Average Case: The average case time complexity is also given by O(1). However, its proof is too complex to be discussed here.
Worst Case: In the worst case, we have to probe over all N elements; thus the time complexity is given by O(N).
Space Complexity of Double Hashing
Hash tables usually have a maximum capacity of some constant multiplied by N (the constant is predetermined and N is the total number of elements.)
Thus the space complexity of double hashing is O(N).
Advantages of Double Hashing
No extra space is required.
Primary Clustering does not occur.
Secondary Clustering also does not occur.
It can be used with different types of hash functions.

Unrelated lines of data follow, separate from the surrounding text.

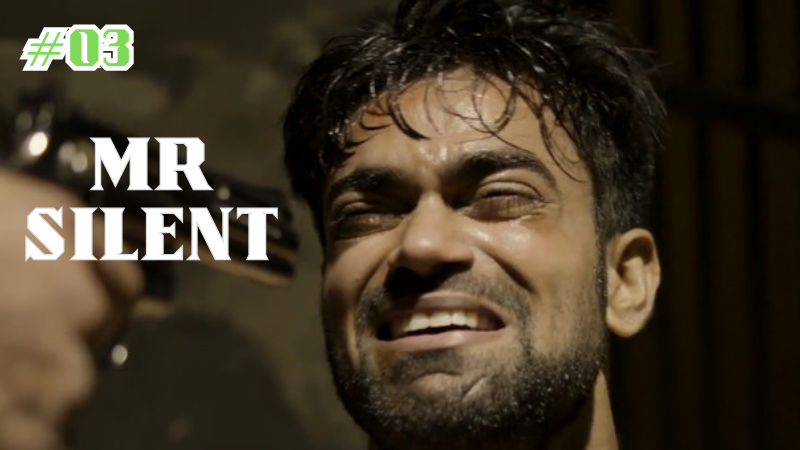 Mr Silent Episode 3 Hot Web Series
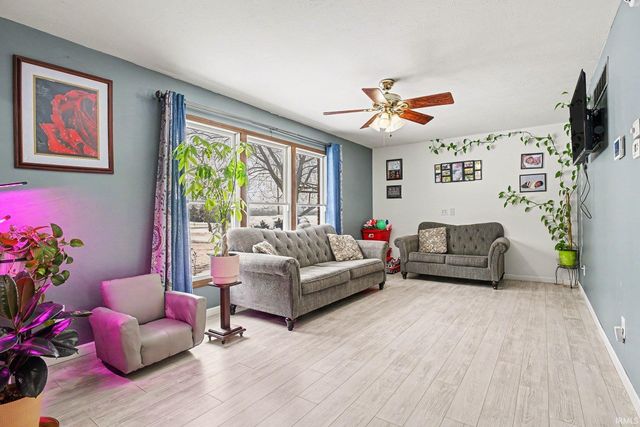 18197 County Road 40 Road, Goshen, IN 46526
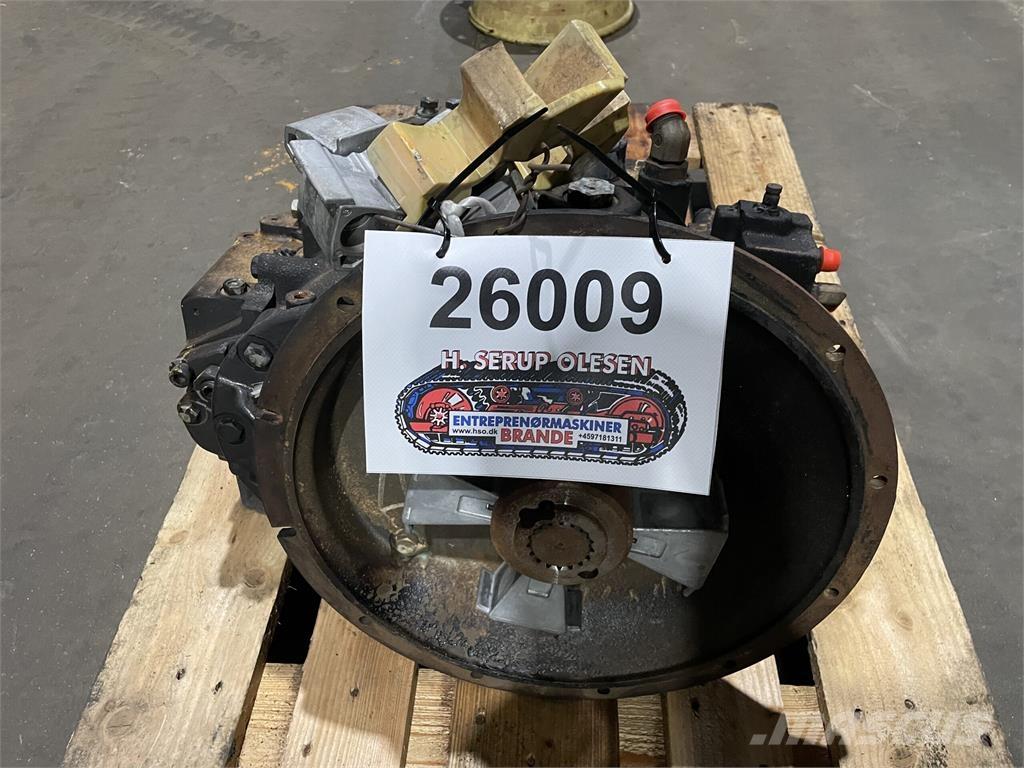 CAT 323D hydraulikpumpe Υδραυλικά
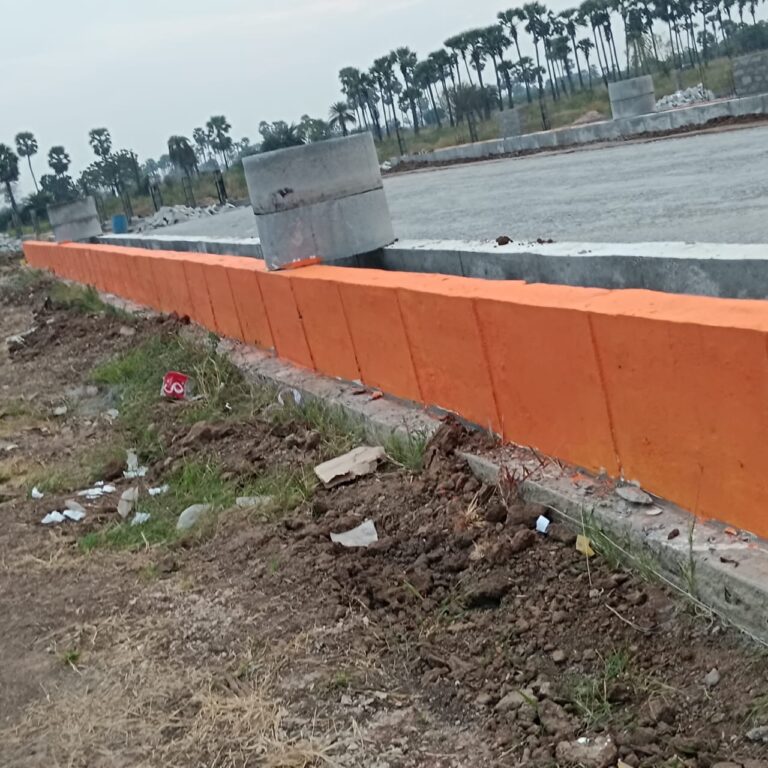amaravathi open plots 05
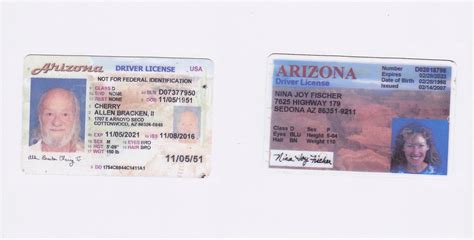 Arizona Licensing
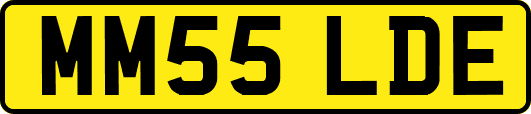 MM55LDE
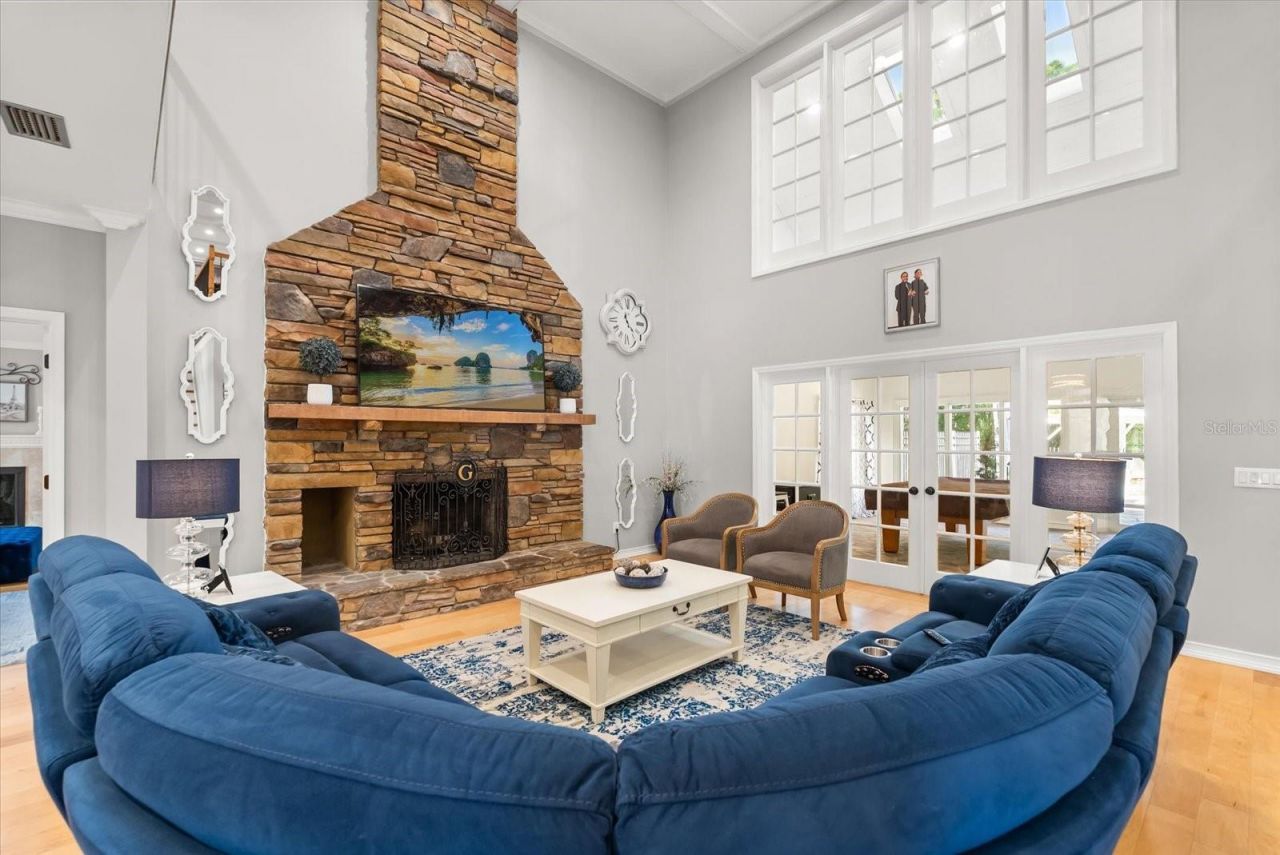 301 Magnolia Lake, Longwood, FL 32779 Photo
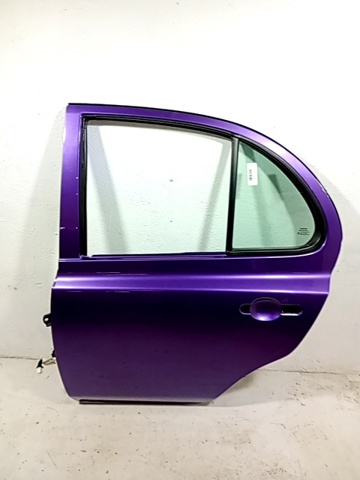 82101AX130 Nissan/Infiniti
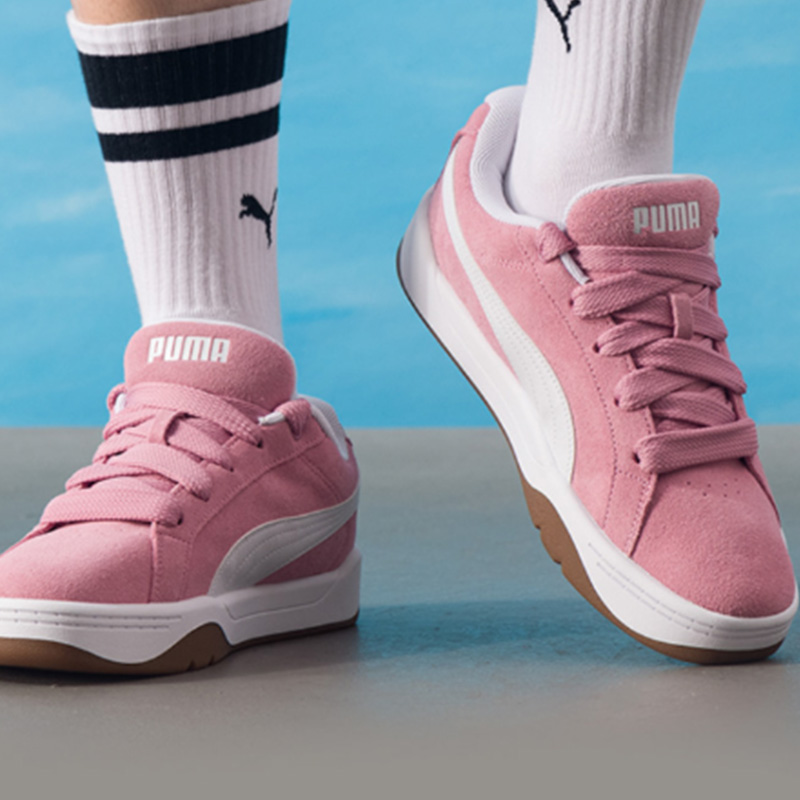 Puma Mid Skate Shoes sports Lo - Puma Shoes Suede Classic review and price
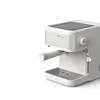 2L Household Automatic Coffee Capsule Espresso Making Machine with Removable Water Tank 4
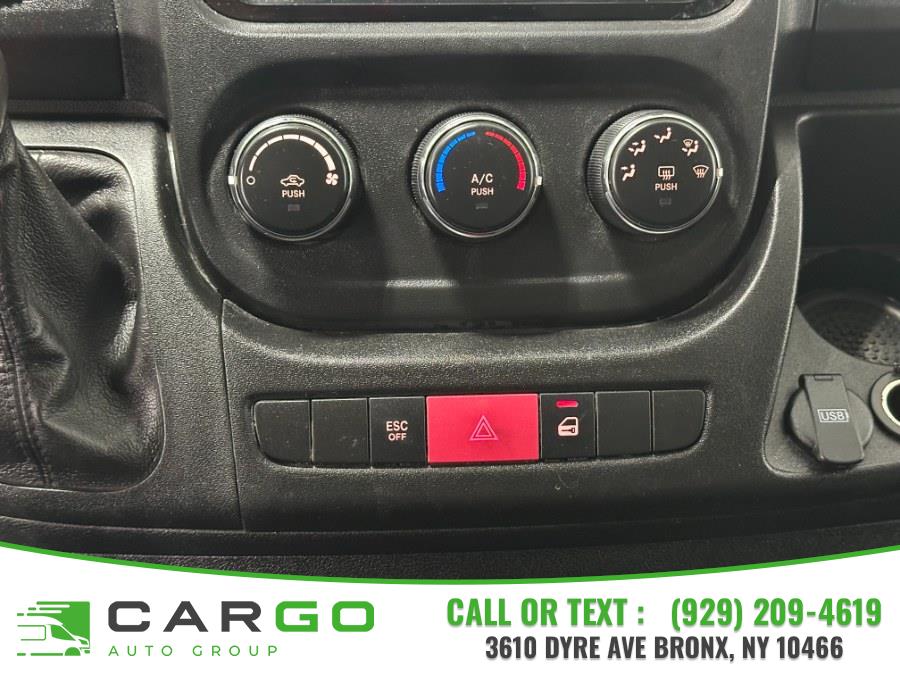 2019 Ram ProMaster Cargo Van 2500 High Roof 159" WB, available for sale in Bronx, New York | Cargo Auto Group LLC. Bronx, New York 2019 Ram ProMaster Cargo Van 2500 High Roof 159" WB, available for sale in Bronx, New York | Cargo Auto Group LLC. Bronx, New York
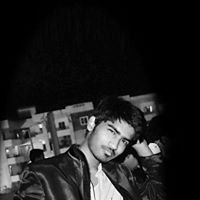 Ravikiran WinJamuri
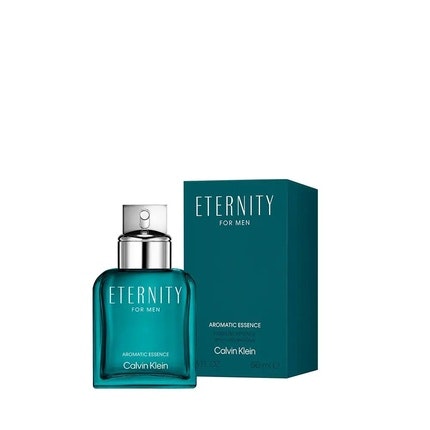 Calvin Klein Eternity Men Aromatic Essence Parfum Intense 100ml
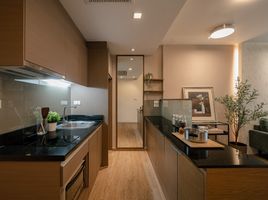 2 Schlafzimmer Appartement zu verkaufen im Issara At 42 Sukhumvit, Phra Khanong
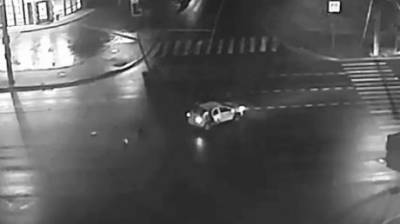 Момент серьезного ДТП в Терновке попал на видео - penzainform.ru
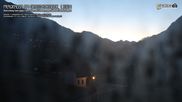 Archiviertes Webcam Bild: Prägraten: Blick auf die Schobergruppe am 11.10.2026 um 07:42 Uhr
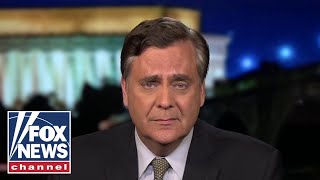Jonathan Turley: Affidavit will provide a clearer picture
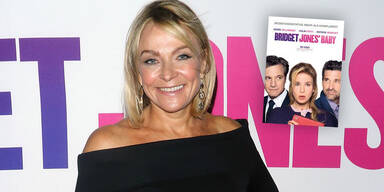 Helen Fielding: Bridget Jones' Baby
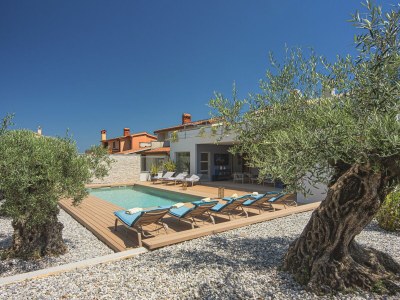 Villa Balizerka - Outdoor photo 12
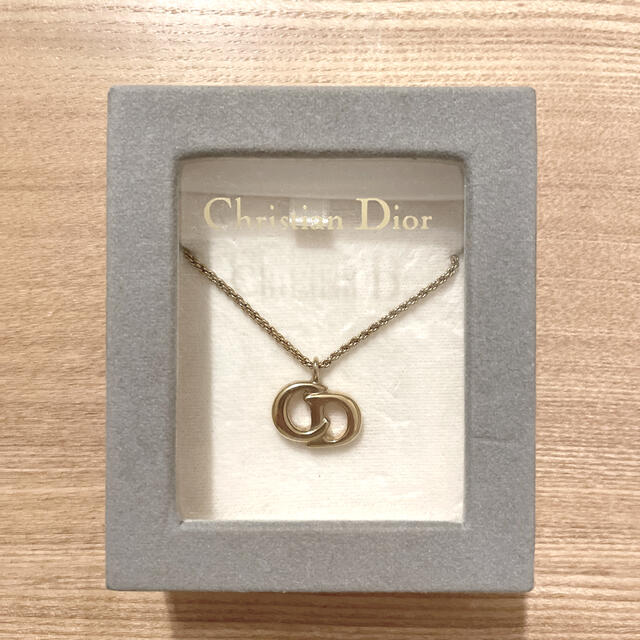 Christian Dior ネックレス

It reduces the clustering effect of keys and decreases the chance of keys being stored in consecutive buckets.
Disadvantages of Double Hashing
Poor cache performance.
It's a little complicated because it uses two hash functions.
It has a bit harder implementation.
It consumes more memory than other collision resolution techniques.
It may not be the best choice for small tables.
Frequently Asked Questions
What is the purpose of double hashing?
The purpose of double hashing is to resolve collisions in a hash table. However, multiple keys may map to the same value in some cases, creating a collision. Double hashing is a technique used to resolve these collisions.
How do you find double hashing?
We first create a hash table with a fixed size to find double hashing. Afterward, with the help of two hash functions, we determine the initial position and offset. If the initial position is occupied, use the offset to determine the next position.
What are the 3 types of hashing?
The three types of hashing techniques are linear hashing, chaining and Cuckoo hashing. Each one has its own characteristics and trade-offs. Linear Hashing and Chaining are simpler to implement, but Cuckoo Hashing is more efficient in average-case performance.
Conclusion
So, this blog discussed the various types of hashing techniques and how Double Hashing proves to be the best technique to resolve collisions. It threw some light on the implementation of double hashing and a comparison between other methods as well.